When the TSC (through spindle coolant) pump motor is turned on, it spins for a fraction of a second then the machine E-stops. All other coolant pumps (flood and wash down) work fine. There are no other alarms on the machine other than "safety circuit emergency stop." Here's what we've tried so far:

Swap TSC motor for another similar size 3 phase motor - same result (E-stop)
Connect flood coolant motor to TSC circuit - circuit works fine.
Connect TSC motor to flood coolant circuit - Trips relay breaker
Bench test TSC motor- spins without issue.

Given the TSC motor spins just fine when connected to a different power source and the problem follows the TSC motor, I'm leaning towards 2 possibilities: Either its drawing too much current when first starting up or the draw is causing a momentary drop in voltage causing the machine to freak out by E-stoping. Although I'm not satisfied with either guess because if its current, why is the breaker only tripping when connected to the flood circuit (smaller breaker) and if its voltage, wouldn't there be other alarms on the control?

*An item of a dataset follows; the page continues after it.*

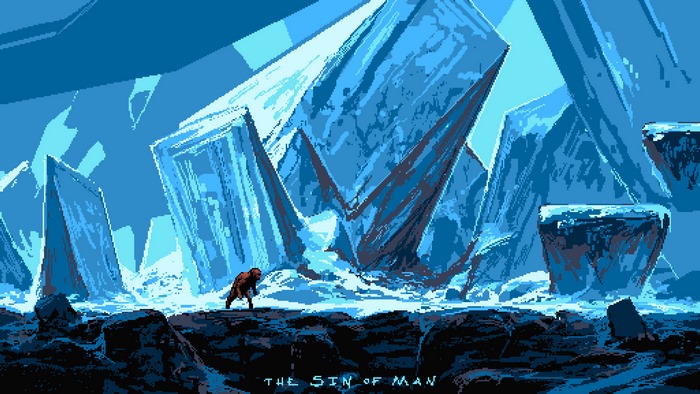 The Sin of Man pixel art by Noah Bradley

Has anyone else had a similiar experience? Any suggestions on things to try?
 
Pump may be deadheading. Stuck check or inner hose liner collapse can cause it. Unhook the output hose and plumb in a hose and run it to the inside of the cabinet, which will take the check and factory feed hose out of the equation..
 
I had an 1k PSI MP systems relay trip in my new mill.
The apps engineer said that the relays have an adjustment dial on them that has something to do with when they trip.

Do your relays have anything like that on them?
 
If you deadhead a conventional centrifugal pump, the pump will be at it's lowest power draw point over the range of it's operation. This link has a quick discussion of the pump curves. It's aimed at a bigger pump, but the principles are the same:


Could it be that the machine has some sort of GFCI/RCD protection that is absent from the bench test?
 
I should have clarified originally, the motor shaft is disconnected from the pump so there's 0 load during these tests. Right now its just a relay to an AC motor.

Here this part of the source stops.